8. The slot-loading disc loading system according to claim 7, wherein the inner slider further comprises a certain number of guiding protrusions on its vertical side, the certain number of guiding protrusions having different sizes, and the guiding protrusion at the rear end. It is smaller than the guide protrusion at the front end.

9. The slot-loading disc loading system of claim 1 which can be a component of an optoelectronic technology device, such as a computer, a disc player or the like.

10. The slot-loading optical disc loading system of claim 2, wherein the compatible clip further comprises a number of magnetic blocks corresponding to a number of iron pieces on the inner slide to maintain the compatible clip and the inner movement The sliding clip is tightly attached.

11. The slot-loading disc loading system according to claim 10, wherein the inner slider further comprises a limiting device for preventing the inserted disc from being too heavy to push the large disc control; and corresponding to the number of small holes A number of limit devices on compatible clips.

12. The slot-loading disc loading system of claim 1 wherein a number of rails are formed on the inner surface of the rear side of the housing that is formed by the combination of the upper cover and the bottom case.

13. The slot-loading optical disc loading system of claim 12, wherein the number of tracks The track is horizontally oriented with the first track extending in the direction of insertion of the disc, and at the end of the horizontal track is a downward bevel that separates the inner slide from the transported disc.

14. The slot-loading disc loading system of claim 13 wherein the track is turned to the second horizontal track at the end of the ramp.

15. The slot-loading disc loading system of claim 14 wherein the second section of the horizontal track of the first section of the horizontal track box is parallel.

16. The slot-loading disc loading system of claim 1 wherein the standing side wall further comprises a recess formed in the stepped side wall as a stop to prevent the large guide projection.

17. The slot-loading disc loading system of claim 1 wherein the bottom box further includes a load stop; and an unloading stop.

18. The slot-loading disc loading system of claim 1 wherein the upper cover further includes a restraining aperture having a downward ring for restricting the disc from being caught over the laser head disc turntable.

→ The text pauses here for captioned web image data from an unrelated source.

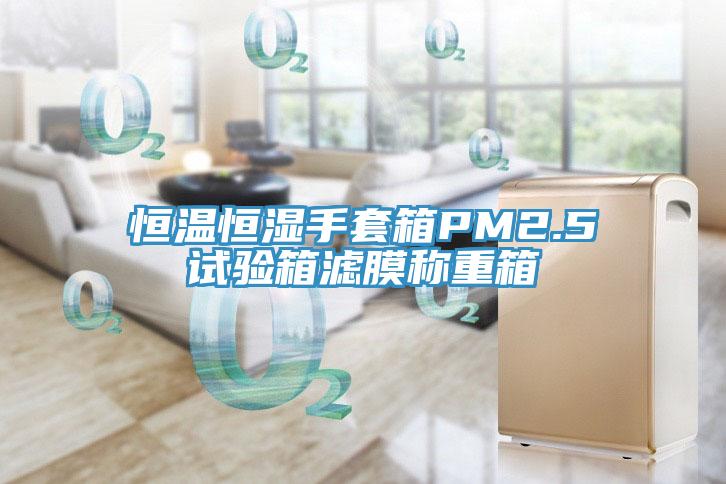 恒溫恒濕手套箱PM2.5試驗(yàn)箱濾膜稱重箱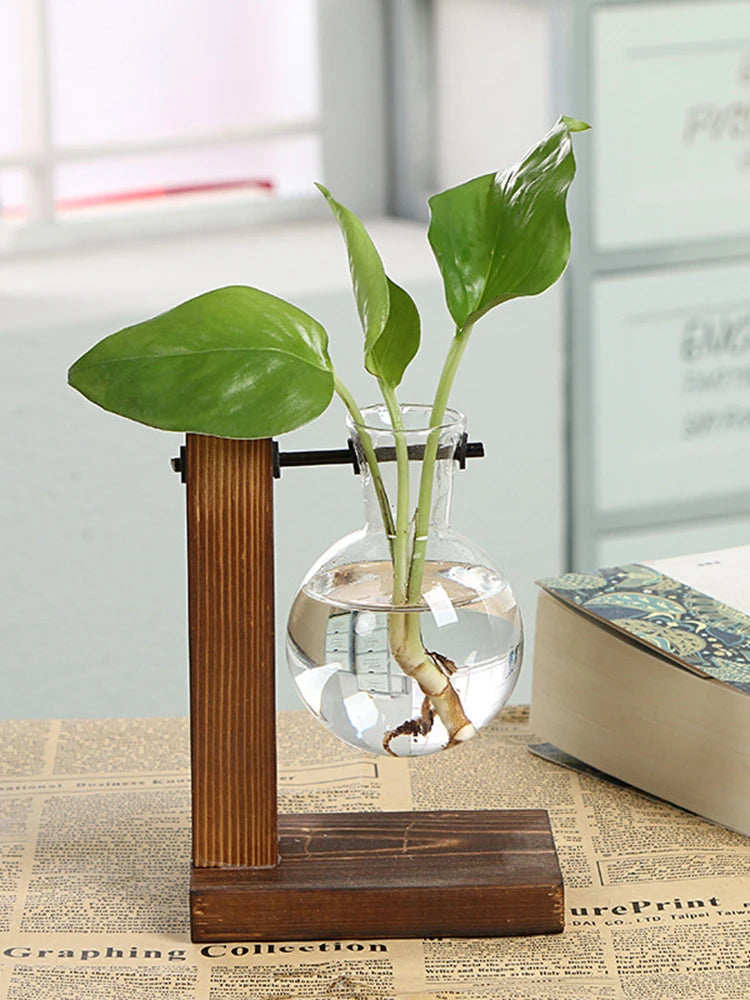 🌿 Creative Wooden Frame Hydroponic Vase – Where Nature Meets Art 🎍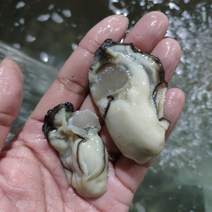 [굴철철] 싱싱 당일출하, 1개, 생굴3kg대굴(4인분)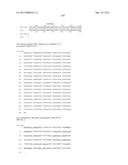 NEISSERIA MENINGITIDIS ANTIGENS AND COMPOSITIONS diagram and image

19. The slot-loading disc loading system of claim 18, wherein the disc clip is stationary above the inner slider when idle, and when the inner slider moves to the final position, the disc clip and the inserted disc fall The laser head is on the disc turntable.

20. The slot-loading disc loading system according to claim 19, wherein the disc clip inserted above the disc is in a lowering operation in which the inner slider is lifted by the inner slider and is reinserted into the restriction hole. In the ring.